朽ちたガーディアンのせいで上半身は裸だから防御力はほぼ0、スマホはぶっ壊れたから連絡も取れない。

 

で、小型ガーディアン達は全部で20体か。中位が15体、極位が5体だな。下手に体力減らすと攻撃パターンが変わって面倒くさくなるが、そこは変わってこないのを祈るだけか。

 

中位のガーディアンは装備を2つ、極位のガーディアンは装備を3つ付けてるから分かりやすい。

 

「まずは『チカラ薬レベル3』を飲んでと。時間掛けたら攻撃の物量で押し負ける。」

 

ガーディアンで一番厄介なのは、遠距離レーザー砲でも近距離での武器攻撃でもない、体力の多さだ。

 

朽ちたガーディアン達なら、放ってきたレーザーをガードジャストで跳ね返していれば終わるのに。

 

「『バクダン矢』でまとめて攻撃は出来ない、煙が舞い上がって視界が悪くなる。向こうは視界が悪くてもお構い無しでこっちを把握してくるしな。」

 

視界が悪い中での回避は難しい、外なら風とかですぐに煙が晴れるけど、今は室内だからな。

 

ガーディアン達が装備している剣、槍、大剣、どれ喰らっても一撃、もしくは二撃で死ぬなこれ。

 

「けど、何とかするしかねぇよな!こいつらが外に放たれた瞬間にこの世界が終わる、そんなことは絶対にさせねぇ!かかってこいやぁ!」

 

自分を激励する意味も込めて大声で叫んだ瞬間、小型ガーディアン達は一斉に俺をロックオンして向かってくる。

 

その途中でガーディアン全員がレーザー砲を放ってくる。けどな、それは読み通りなんだよ!

 

「最初は雑にレーザー砲、ゲームの時と変わってなくて安心したぜぇ!」

 

自分に当たる砲撃だけを装備している『ゾーラの盾』でガードジャストして跳ね返す。当たらないやつは無視だ!

 

これで怯む個体とそのまま突進してくる個体に別れた。なら『ゾーラの剣』を装備して『サファイア』をスクラビルド、そして突進してくる個体の中に突っ込む!

 

「引き付けたところで、回転斬りだぁ!」

 

ガーディアン達がいるど真ん中で回転斬りをする。するとスクラビルドした『サファイア』の氷結効果でガーディアン達が凍結する。

 

その後すぐに凍結していない個体を剣で攻撃して凍らせる。遠くにいる個体は『氷の矢』を放って凍らせる。

 

「よし、これで全個体凍結したな。こっからは時間との勝負!」

 

凍結が解除される前になるべく多くのガーディアンを倒さないと、急いで『ゾーラの槍』に『白銀ライネルの刃角』をスクラビルド。

 

そして自分に『チュチュゼリー』をぶつけてずぶ濡れ状態に、こうすることで『ゾーラの槍』の攻撃力は倍になる!

 

「まずは一番近いガーディアンに攻撃!オラオラオラオラァ!」

 

槍を構えた後に少し力を溜めて、凍結状態の中位ガーディアンに8連撃の突きを放つ。すると中位ガーディアンの身体から煙が上がった後、爆発四散した。
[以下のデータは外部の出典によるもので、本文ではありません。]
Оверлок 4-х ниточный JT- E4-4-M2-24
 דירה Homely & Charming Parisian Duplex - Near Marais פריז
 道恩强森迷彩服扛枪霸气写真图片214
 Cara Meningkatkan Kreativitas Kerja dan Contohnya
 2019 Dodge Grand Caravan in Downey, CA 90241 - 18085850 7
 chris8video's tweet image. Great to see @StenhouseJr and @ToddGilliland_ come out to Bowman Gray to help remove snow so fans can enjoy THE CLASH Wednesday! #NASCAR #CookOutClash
まずは一体だな!

 

「間髪入れずに2体目に攻撃、そして3体目に攻撃!」

 

同様の手段で2体目と3体目に攻撃して爆発四散させた後、全個体の凍結が解除された。あと2体くらいは倒したかった。

 

「集中しろよ俺、勘を研ぎ澄ませろ⋯⋯今だ!」

 

俺の後ろにいる個体が大剣を横に払って俺の体を真っ二つにしようとしてくる。その瞬間に振り向いてバク宙で攻撃を回避する。

 

そしたら回避ジャストが起きるから超高速移動で攻撃してきた個体の懐に潜り込んで10連撃の突きを放つ。これで4体目!

 

「っ、『ゾーラの槍』が壊れちまった。そしてずぶ濡れ状態も無くなった。もうこの戦法は使えない。っと!?」

 

装備が壊れたのを見たガーディアンはすぐに俺に向かって突進して槍を突き出してくるのを咄嗟に『ゾーラの盾』を装備して受け止める。

 

くっ、意外と衝撃が強くてよろけちまっ!?

 

「あがっ!?く、クソが⋯⋯。」

 

よろけたのは1秒くらいなのに、別のガーディアンが俺の後ろに回って大剣で背中を斬りやがった!

 

妖精が俺の周りを回ってる、背骨を斬られた感覚があったら一撃死か、こういう戦闘時や集中している時は意識失わないのは助かる。

 

まあ意識を失った方が痛みは感じないんだけどな!意識がある場合は骨や筋肉や臓器諸々斬られた感覚が残り、痛みも妖精が回復させるまで感じる。

 

痛みは覚悟を持って耐えられる。そして痛覚遮断の技術も使えば何も問題ねぇ!

 

「テメェは大人しくしてろ!」

 

背中を斬ってきた個体に『黄チュチュゼリー』をぶん投げて痺れさせる。そしてまた槍を装備している個体は俺に突きを放ってきた。

 

「2度も喰らうかよ!」

 

盾でガードじゃなくて横っ跳びで回避、そして回避ジャストを発生させた後に兵士の剣にさっきのライネル素材をスクラビルドし、8連撃の剣撃を放つ。

 

けどこれじゃ怯むだけだから続けて踏み込んで横薙ぎ3連からの、回転して斬り上げを放つ。これで5体目!

 

「遠くにいる奴は何もして来ないのが気になるが、とにかく数を減らすしかない。」

 

痺れから復活した個体に『氷結の実』を投げ付けて凍結を⋯⋯って凍結が効かなくなった!?

 

他の個体に投げつけても凍結にならない、1回なった状態異常は効かないってか!?そんなの原作にないだろふざけんな!誰がそんな機能付けやがった!?

 

「そして動揺した隙を狙って攻撃かよ。まさか学習してんのかこいつら!?」

 

遠くにいる個体がレーザー砲を放ってきたからガードジャストで跳ね返す。けどガードジャストした後の隙を狙って別の個体が胴体と装備してる武器を回転させながら高速で突進してくる。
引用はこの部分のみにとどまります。